Rehearsing for the World Premiere of The Odyssey
Brandon and I were fortunate to share in a fantastic rehearsal today with the extended Dréos ensemble at the University of Oregon. We were joined by violinists Wyatt True and Jannie Wei of the Delgani String Quartet, violinist Lisa McWhorter (Assistant Concert Master at the Eugene Symphony Orchestra), cellist Kathryn Brunhaver and violinist Holly Roberts of the UO School of Music and Dance Graduate program, and bassist Noah Ferguson. All superior artists.
And, it was a delightful and surreal experience having such a group of exceptional professionals working on something I made up.
We started the rehearsal with Movement II, The Ghost of These Days. This movement is a surging complex of imitative polyphony and anxious suspensions. We spent time working out the feel associated with the resolution of the suspensions in the mid-section, in addition to cues for the final prolation canon.
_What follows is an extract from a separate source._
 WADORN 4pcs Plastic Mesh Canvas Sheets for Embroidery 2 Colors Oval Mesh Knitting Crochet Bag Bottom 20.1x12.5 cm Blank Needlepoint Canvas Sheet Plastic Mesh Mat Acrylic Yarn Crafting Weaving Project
We transitioned to Movement III, Elegy and Gold. The opening of this movement is somber. It's a graveside portrait in which bystanders acknowledge the finality of what has transpired. The conclusion, however, is bright. We were able to acquire three hardanger fiddles and a vielle à roue from Doug Heydon, Philip Wilkinson, and Juanita Holmes. Hardanger fiddle and vielle à roue produce high-frequency splash from all the resonating strings. And, hardanger fiddle is such an impressive sculpture--merging the concept of the 16th-century Italian violin with what strike me as Byzantine mosaic inlay. Add to that the brilliant buzz from the sympathetic strings, and there's a lot to look at and listen to. These instruments are quite sensitive to the bow, and work well with a 17th-century bow.
Two hours later, we'd carefully examined the entire composition with time left to spare. As an added bonus, artist Wesley Hurd came to hear part of our rehearsing. The task of the evening is to edit bowing changes and cues into the master score--have fun, Brandon!